What the task asks> Everything from the line with "Anleitung Blumenkranz mit" to the line with "Σεισμός στην Τουρκία: Σύλληψη" in the listing below, both lines included, needs to be copied exactly, apart from the pictures.

Input>

—————

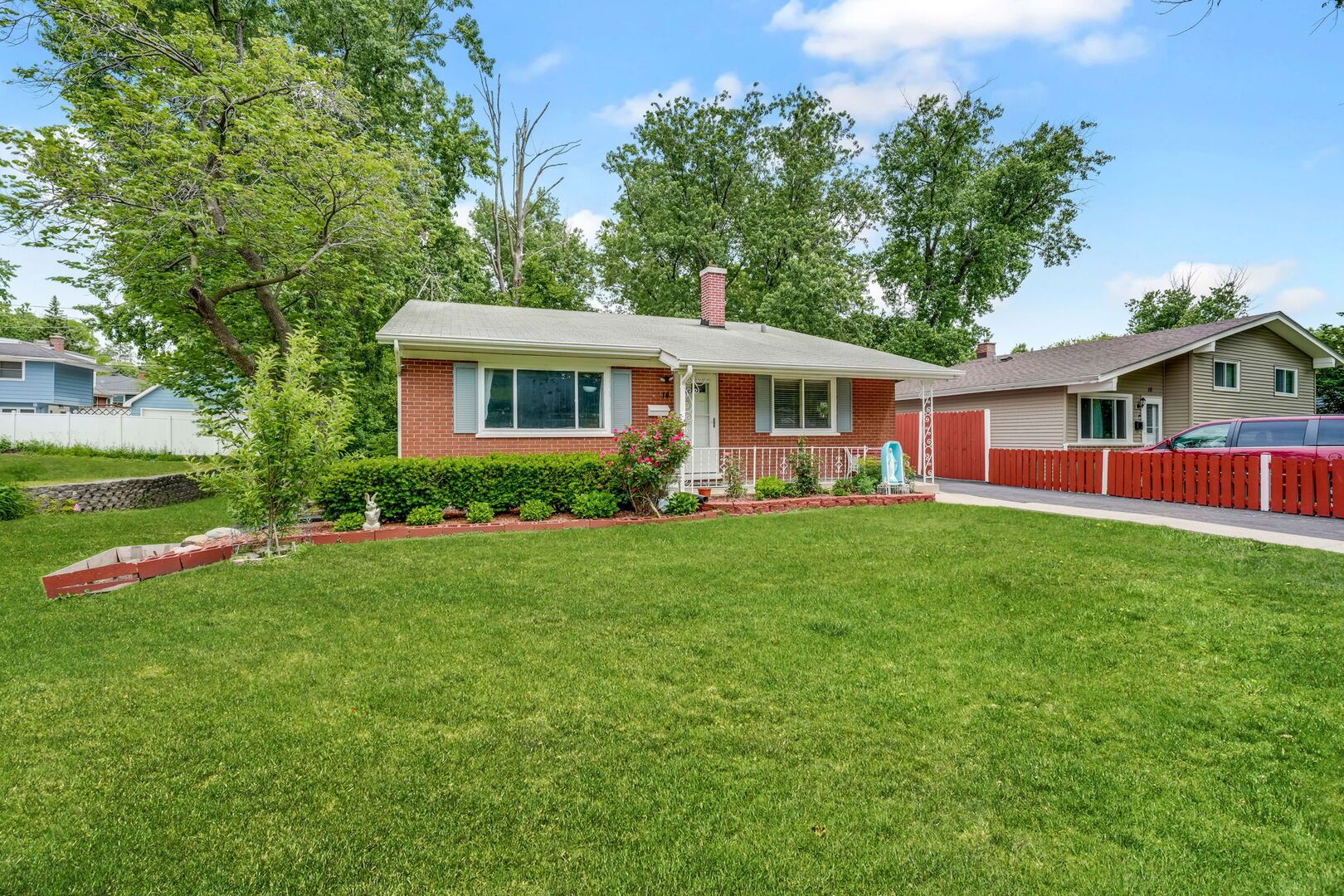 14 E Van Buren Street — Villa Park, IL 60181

—————

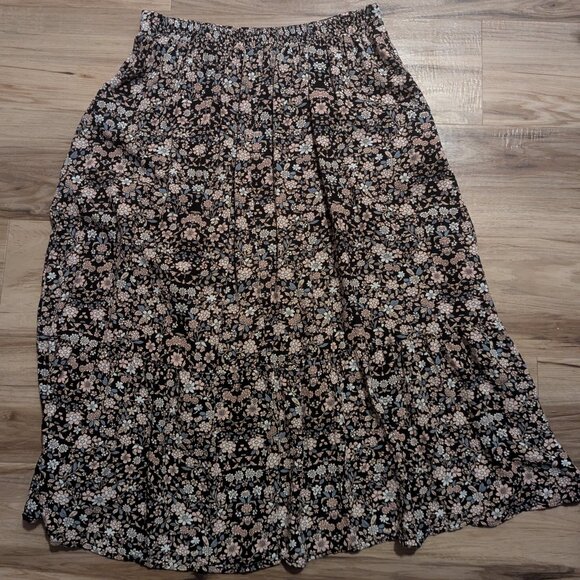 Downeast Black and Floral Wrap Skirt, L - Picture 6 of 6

—————

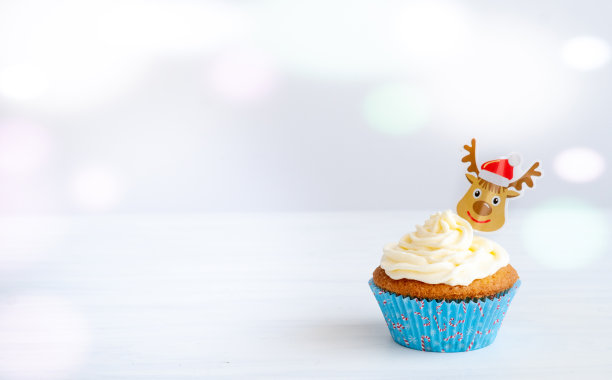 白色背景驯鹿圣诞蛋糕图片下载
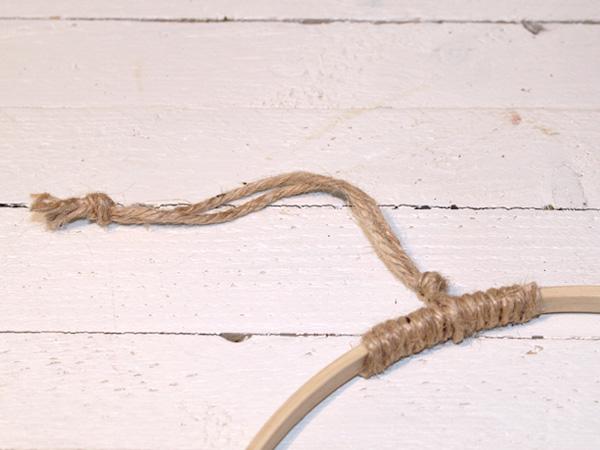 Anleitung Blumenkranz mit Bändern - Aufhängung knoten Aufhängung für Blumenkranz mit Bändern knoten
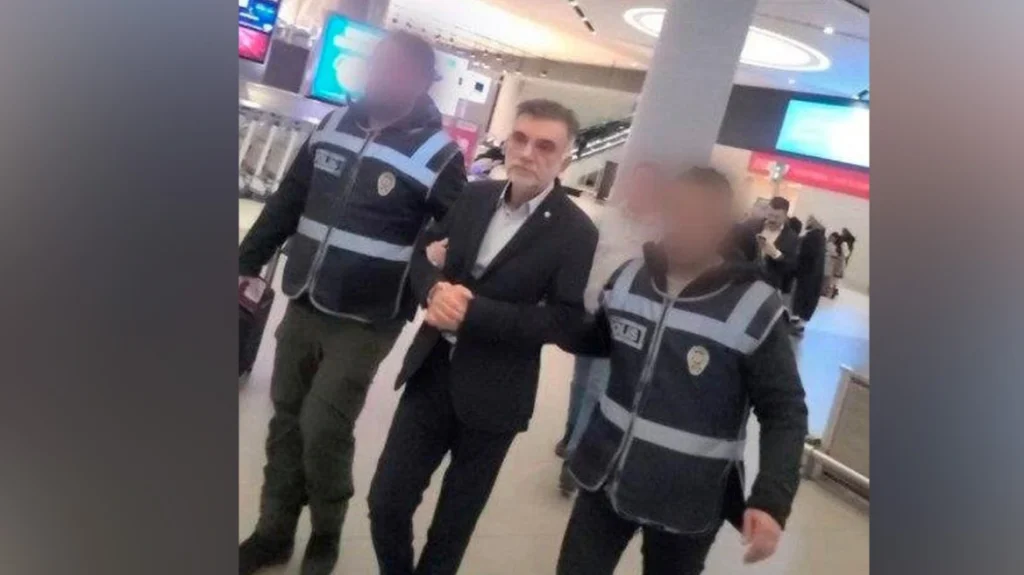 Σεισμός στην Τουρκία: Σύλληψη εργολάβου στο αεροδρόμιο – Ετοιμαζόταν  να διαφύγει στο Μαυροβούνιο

—————

Your solution>
 Anleitung Blumenkranz mit Bändern - Aufhängung knoten Aufhängung für Blumenkranz mit Bändern knoten
 Σεισμός στην Τουρκία: Σύλληψη εργολάβου στο αεροδρόμιο – Ετοιμαζόταν  να διαφύγει στο Μαυροβούνιο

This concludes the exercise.